D. E. Osterbrock (UCO/Lick Obs./UCSC)

Contrary to current mythology, many professional astronomers tried to do planetary research before World War II, as Ronald Doel and I have previously emphasized. Their difficulty was that once the known planets had been studied with the biggest and best telescopes, spectrographs, and radiometers there was little more they could do until some new instrumental development came along, and these were rare in those years.

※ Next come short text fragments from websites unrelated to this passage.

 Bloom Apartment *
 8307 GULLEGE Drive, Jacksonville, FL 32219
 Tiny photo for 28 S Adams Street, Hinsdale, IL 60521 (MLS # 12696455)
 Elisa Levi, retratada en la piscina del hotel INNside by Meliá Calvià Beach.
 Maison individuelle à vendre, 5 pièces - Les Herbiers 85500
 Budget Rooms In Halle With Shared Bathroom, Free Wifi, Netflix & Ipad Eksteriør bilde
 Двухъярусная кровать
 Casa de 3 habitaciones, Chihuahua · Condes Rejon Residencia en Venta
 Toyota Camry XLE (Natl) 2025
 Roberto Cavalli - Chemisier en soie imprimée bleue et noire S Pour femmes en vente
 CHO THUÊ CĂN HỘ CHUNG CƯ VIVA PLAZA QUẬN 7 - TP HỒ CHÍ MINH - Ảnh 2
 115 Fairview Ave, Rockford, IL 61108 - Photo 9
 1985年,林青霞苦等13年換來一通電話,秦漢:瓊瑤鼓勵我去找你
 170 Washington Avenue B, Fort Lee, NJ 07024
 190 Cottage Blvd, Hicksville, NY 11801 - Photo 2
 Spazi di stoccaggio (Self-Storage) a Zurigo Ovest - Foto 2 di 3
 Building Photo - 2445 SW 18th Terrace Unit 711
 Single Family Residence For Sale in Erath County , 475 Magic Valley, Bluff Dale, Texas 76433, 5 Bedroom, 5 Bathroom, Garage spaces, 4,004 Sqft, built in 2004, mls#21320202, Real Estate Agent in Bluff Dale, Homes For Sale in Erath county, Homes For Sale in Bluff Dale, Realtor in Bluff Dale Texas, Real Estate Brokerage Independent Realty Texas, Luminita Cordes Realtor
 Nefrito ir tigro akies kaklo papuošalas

Two astronomers who observed planets in the 1920's were Frank Ross, of the Yerkes Observatory faculty, with the Mount Wilson 60- and 100-inch telescopes, and William H. Wright, at Lick, with its 36-inch Crossley reflector, which he considered a big telescope. Both were keenly interested in photographic emulsions (Ross had been a research physicist at the Eastman Kodak Laboratory), and when fast new panchromatic films and plates became available in the 1920's they quickly applied them to photographing the planets. Robert J. Trumpler, also at Lick, used its 36-inch refractor in a combination of photographic (in the yellow and red spectral regions) and visual observing to map and describe Martian surface features. All three of them began planetary observing at the close opposition of Mars in 1924; they were all mainline scientists who ultimately were elected to the National Academy of Sciences. All three of them were doing descriptive work, seeing what was there, and none of them had any theoretical ideas to check or disprove. Francis G. Pease, more of a telescope designer and engineer at Mount Wilson, also used its 60- and 100-inch reflectors, chiefly to take photographs of the planets for illustrations in books and magazines. They all used fine-grain photographic plates, but seeing was a problem they could not overcome. Examples of their planetary photographs, papers, and letters will be posted. Ross and Trumpler dropped out of planetary astronomy after 1928, but Wright and Pease continued in it for many years.

An interesting sidelight is that Gerard P. Kuiper, as a young postdoc at Lick, co-authored his first planetary paper in English with Wright (on Mars).